Since today is our 32 wedding anniversary, I called Alice. She was glad that we were on our way to Samos. I did not mention gales to her. As we were approaching Cape Prasso, the easternmost point of Samos, the wind increased to 45 knots with gusts over 55 knots. Now we were in a force 9 “strong gale.” Thetis, as usual, rode the waves beautifully. Of course, had we been sailing against this wind our life would be very miserable. Before rounding the cape we rolled-in the headsail and continued with the main alone. At the other side of the cape the waves disappeared but the wind if anything increased. At Cape Gatos, at the entrance of the Mycale channel, we were facing severe headwinds with violent gusts but we kept on sailing. I just kept my hands on the main sheet line continually adjusting it by easing during the gusts. The going from the channel to Pythagorio was tough with lots spray as the waves increased again after exiting the channel.

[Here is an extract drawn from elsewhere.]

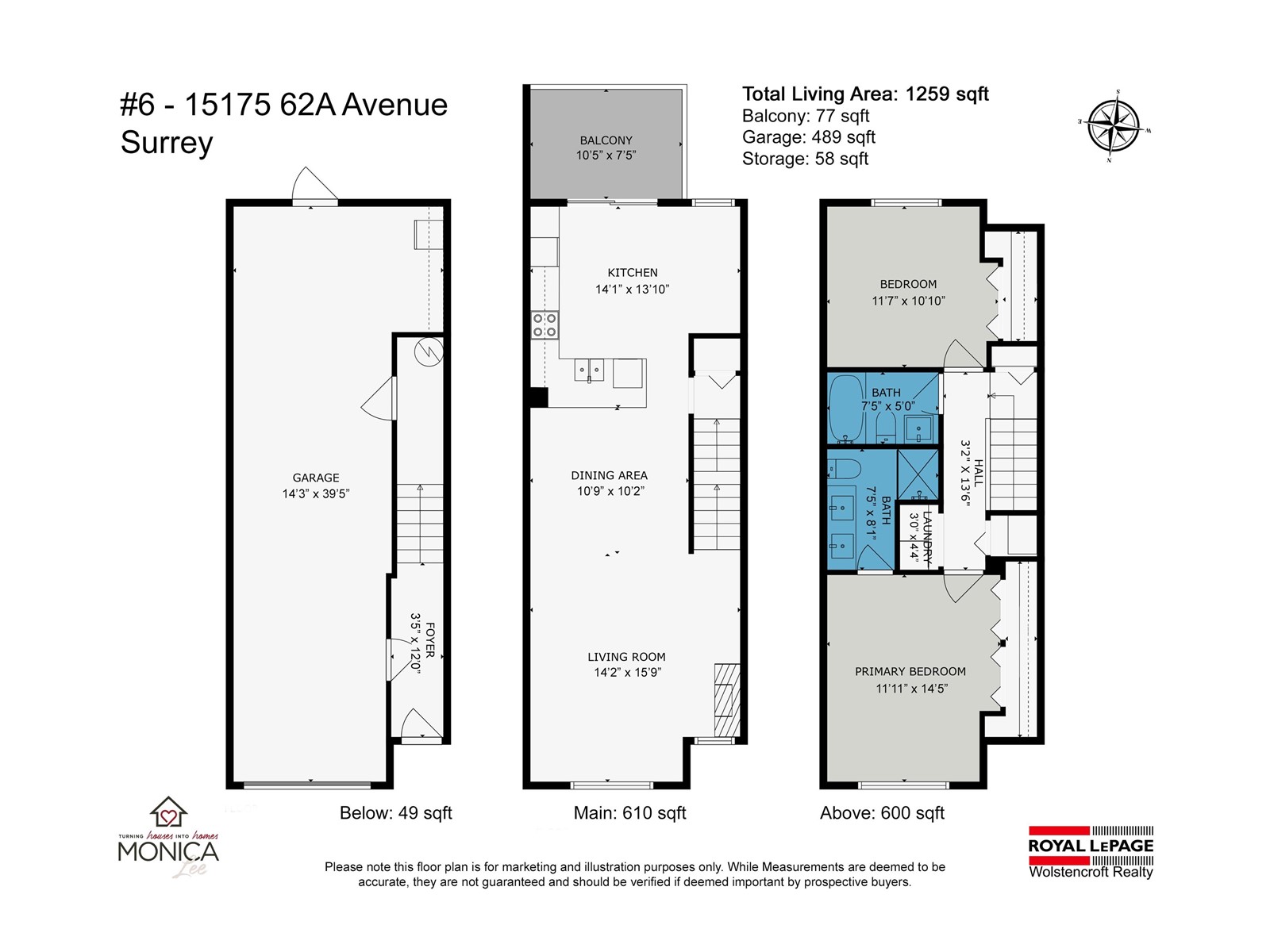 6 15175 62a Avenue, Surrey, British Columbia  V3S 1X1 - Photo 40 - R3010037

We arrived in Pythagorio [37° 41.2' N 26° 57' E] after covering 78.2 M at 1750. Although the harbor was crowded, we managed to squeeze between two boats. The delivery skipper of one of these, a 55' Beneteau from Vernicos Yachts, was in a hurry to leave and catch a plane but he agreed that I could adjust his docking lines to make room for Thetis. Slowly we edged our way to the quay. We had arrived. During this whole voyage we had not experienced any major failures other than possibly a bad alternator. Not bad!
At the Limenarchio they wanted to know all about the trip to the Black Sea as this is to them a very exotic and distant destination. They were also particularly interested if we had seen the solar eclipse and how about the earthquake? …
The total distance we traveled from Myrina, Limnos to Pythagorio, Samos was 220 M and 38.4 travel hours.